Menindaklanjuti kondisi tersebut, Lurah Bunder Hj. Ine Susilawati, A.Md.Kep., SKM., didampingi Kasi Trantib Linmas Cepy Budiman, S.Kom., staf kelurahan Herman, serta Sekretaris Kelurahan Bunder Deden, turun langsung ke lokasi banjir untuk memantau situasi sekaligus memberikan imbauan kepada masyarakat.
Lurah Bunder mengingatkan warga, khususnya yang memiliki anak-anak, agar tidak beraktivitas di sekitar jembatan saat banjir.

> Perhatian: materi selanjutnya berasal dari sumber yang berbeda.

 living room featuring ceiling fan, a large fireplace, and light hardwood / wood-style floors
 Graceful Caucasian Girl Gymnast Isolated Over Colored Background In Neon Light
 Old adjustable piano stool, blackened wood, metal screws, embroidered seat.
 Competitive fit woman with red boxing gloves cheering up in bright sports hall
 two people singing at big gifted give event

Imbauan ini disampaikan menyusul peristiwa tragis yang baru-baru ini viral di media sosial, di mana dua anak kecil hanyut terbawa arus banjir di wilayah Desa Cikande, Kecamatan Jayanti, hingga meninggal dunia.
“Di wilayah Kelurahan Bunder, khususnya di Jembatan Cirarab, banjir kerap terjadi setiap musim hujan. Bahkan, dalam kondisi tidak hujan pun, terkadang banjir datang secara tiba-tiba,” ujar Hj. Ine Susilawati.

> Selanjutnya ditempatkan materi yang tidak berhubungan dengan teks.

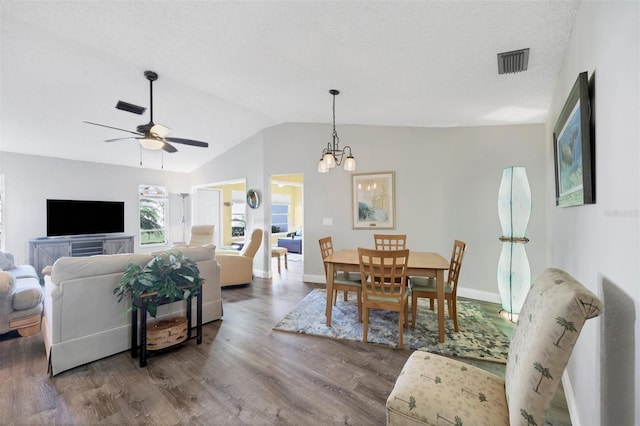 dining area featuring hardwood / wood-style flooring, ceiling fan with notable chandelier, and vaulted ceiling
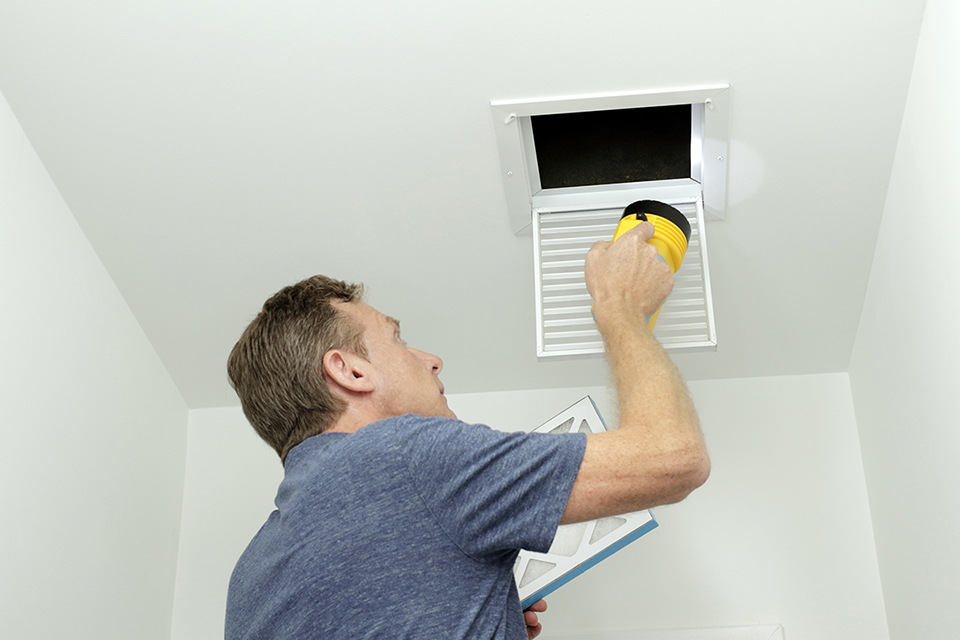 Contractor preparing to clean air ducts
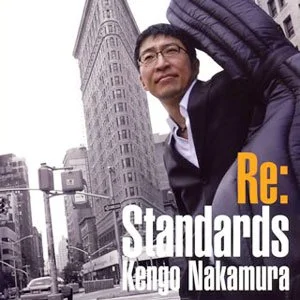 Album cover of Re:Standards by Kengo Nakamura, featuring bassist Kengo Nakamura standing on a New York City street.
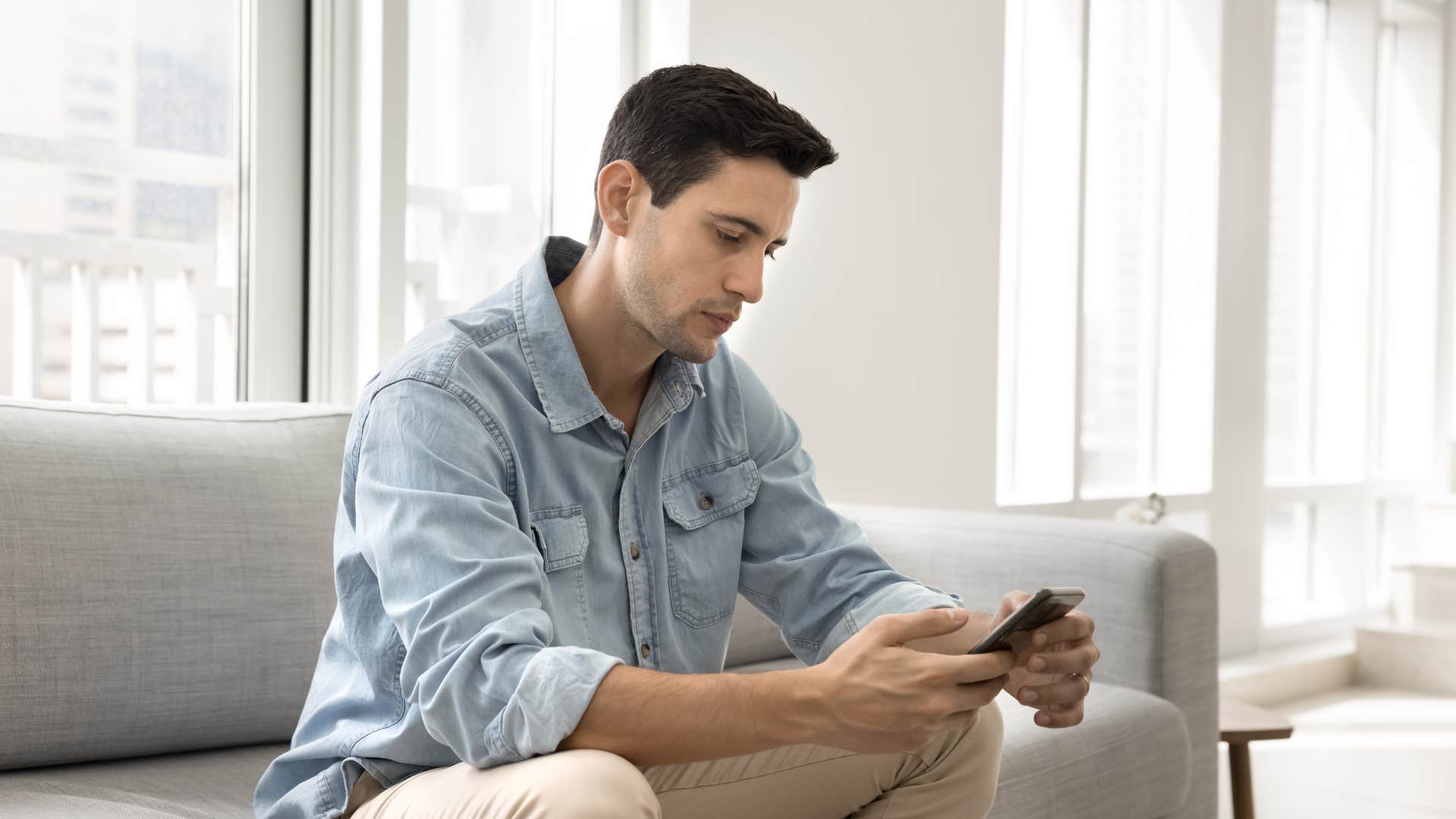 lonely man sitting on couch looking at his phone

Ia menjelaskan bahwa persoalan Jembatan Cirarab telah berulang kali disampaikan kepada pihak terkait, termasuk dalam forum Musrenbang Kecamatan Cikupa. Dalam kesempatan tersebut, tokoh masyarakat Kelurahan Bunder yang diwakili Abah H. Ono (H. Suyono, S.M.Hk.) juga menyampaikan aspirasi agar jembatan segera direnovasi dan dibangun secara permanen.

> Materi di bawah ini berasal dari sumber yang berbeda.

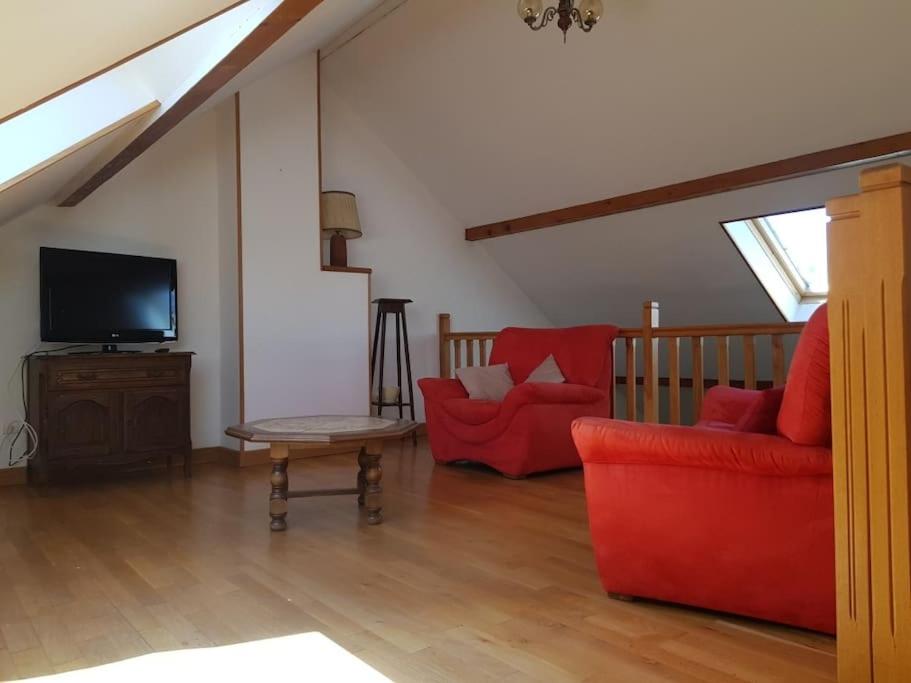 ein Wohnzimmer mit 2 roten Stühlen und einem TV in der Unterkunft Gîte les cocottes in Le Chesne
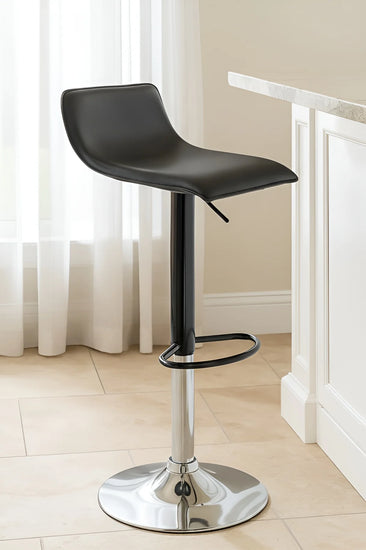 Black bar stool with chrome base in a room with white curtains and a white cabinet.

“Kami mohon doa dan dukungan warga agar proses perencanaan hingga pembangunan jembatan ini dapat berjalan lancar dan segera terealisasi,” tambahnya.
Sementara itu, aktivis sosial dan lingkungan Kelurahan Bunder, Kang Hariri “BM’79”, yang juga Ketua Ormas Pemuda Pancasila Ranting Bunder, menyampaikan bahwa hujan yang berlangsung hampir satu minggu terakhir menyebabkan Jembatan Cirarab lumpuh total.
“Kedalaman air di tengah jembatan mencapai hampir satu meter, bahkan di kawasan industri FACTO bisa mencapai sekitar 120 sentimeter. Akibatnya, banyak kendaraan roda dua maupun roda empat mogok dan aktivitas warga terganggu,” ungkapnya.
Ia juga mendesak BPBD Kabupaten Tangerang agar segera turun tangan membantu penanganan banjir di lokasi, termasuk menyediakan perahu karet untuk membantu mobilitas warga setempat.
Dampak banjir turut dirasakan warga di perkampungan RT 010 dan RT 011 yang berada di bantaran Kali Cirarab. Hingga Jumat siang, air dilaporkan mulai memasuki halaman rumah warga.
Di lokasi yang sama, Ketua RT 011 Odeng menyampaikan apresiasi kepada Lurah Bunder beserta jajaran atas bantuan sembako yang disalurkan kepada warga terdampak banjir.
“Kami mengucapkan terima kasih atas perhatian dan kepedulian Ibu Lurah serta seluruh pihak yang telah membantu. Bantuan ini sangat berarti bagi warga kami yang terdampak,” tuturnya.